First, what happens to Fannie and Freddie (aka the GSEs)? FHFA Director Watt has a five-year term that doesn’t expire until January 2019 so President Trump’s appointee will impact the GSEs’ regulator, but it will be half way through his term. Absent finding a way of passing GSE reform via budget reconciliation (that is how the Affordable Care Act was passed) Senate Republicans will have to find 60 bipartisan votes. These may be hard to come by. …
This depends entirely on what bill is presented. IMO, compromise legislation exists on this issue — and unfortunately, it’s probably found with the worst possible solution.
Establishment Republicans at the bequest of their financial donors would love to turn the GSEs back over to the private sector. With the implied guarantee of the US government, these entities can borrow cheaply and generate significant profits to shareholders. When they go bust again, the taxpayer will cover the bills.
Left-wing housing advocates who want to make bad loans to poor people and create an underclass of temporary homeowners will also want to turn the GSEs back over to the private sector.
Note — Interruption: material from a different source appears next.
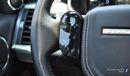 Land Rover Range Rover Sport P575 5.0 V8 SVR AWD Aut. (For Local Sales plus 10% for Customs & VAT)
They can mandate the GSEs to underwrite bad loans to temporarily boost the homeownership rate among their constituents.
Taken together the establishment Republicans and the far left Democrats could overcome a filibuster — assuming fiscally conservative Republicans don’t kill the idea from within.
Is the Consumer Financial Protection Bureau on the endangered species list? The idea of changing its structure into a commission and tying its budget to the appropriations process is on the table. But can Republicans get a bipartisan 60 votes? …
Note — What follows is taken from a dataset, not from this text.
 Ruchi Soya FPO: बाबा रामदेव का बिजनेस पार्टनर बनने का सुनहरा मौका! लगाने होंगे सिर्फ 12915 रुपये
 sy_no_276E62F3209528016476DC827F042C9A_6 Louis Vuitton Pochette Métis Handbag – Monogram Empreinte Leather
Establishment Republicans fantasize about this, and they will dutifully propose such a change. Unfortunately, it will run into an impenetrable barrier of united Democrats, and the legislation will go nowhere.
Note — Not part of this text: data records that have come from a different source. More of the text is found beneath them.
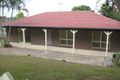 Property photo of 45 Tinaroo Street Durack QLD 4077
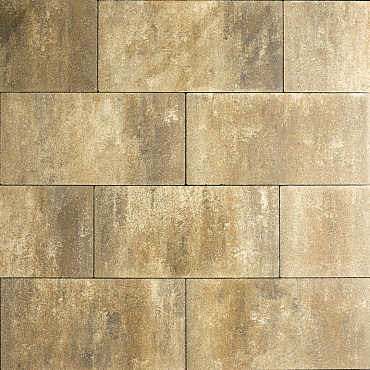 Smartton xl 30x60x8 cm Sierra Madre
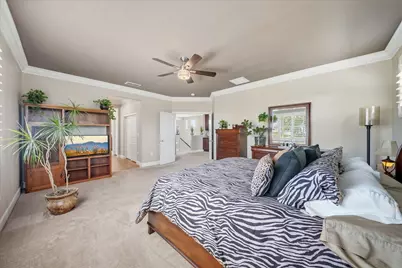 433 Rockcliff Court, Roseville, CA 95747 - Photo 27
The financial services marketplace would like to see some relief from some of Dodd Frank’s intended and unintended effects. But, the Democrats will be aggressive in defending the law and the CFPB. Opposition will be led by significant national voices including Senators Brown (D-OH), Warren (D-MA) and Sanders (D-VT).
Democrats recognize Dodd-Frank isn’t perfect, and they will allow Republicans to correct some obvious problems, but the chance of a repeal of Dodd-Frank in toto is basically zero.
What about expanding the so-called “mortgage credit box?” … The GSEs are trying to address rep and warrant issues tied to buyback risks. Many believe this risk is first on the list of reasons why the credit box isn’t opened more widely today.
This is an area where far-left Democrats and Republicans can find common ground if the fiscal conservatives don’t get in the way.
What about the mortgage interest deduction? Critics have been trying to gore this sacred cow for years. The odds of a change look slim when you consider the significant voices of support including community banks, credit unions, realtors and home builders. Were such a change to be enacted the effects of it could be moderated if the personal deduction is raised significantly (and) or the personal tax rate is cut. …
I recently wrote about how Trump’s tax plan will shift housing demand from move-ups to entry-level. The home mortgage interest deduction first needs to be undermined in its support, and the easiest way to do that is to raise the standard deduction so that almost nobody itemizes and uses the HMID. Since raising the standard deduction is a tax break for the poor and working class, I expect significant Democratic support for such a measure.
The Republican path to passing legislation is clear: they must keep their party together (which won’t be easy), and they must appeal to 8 Democratic senators to avoid a Senate filibuster. If they move to the middle, many compromise positions are possible. The future of housing finance hangs in the balance.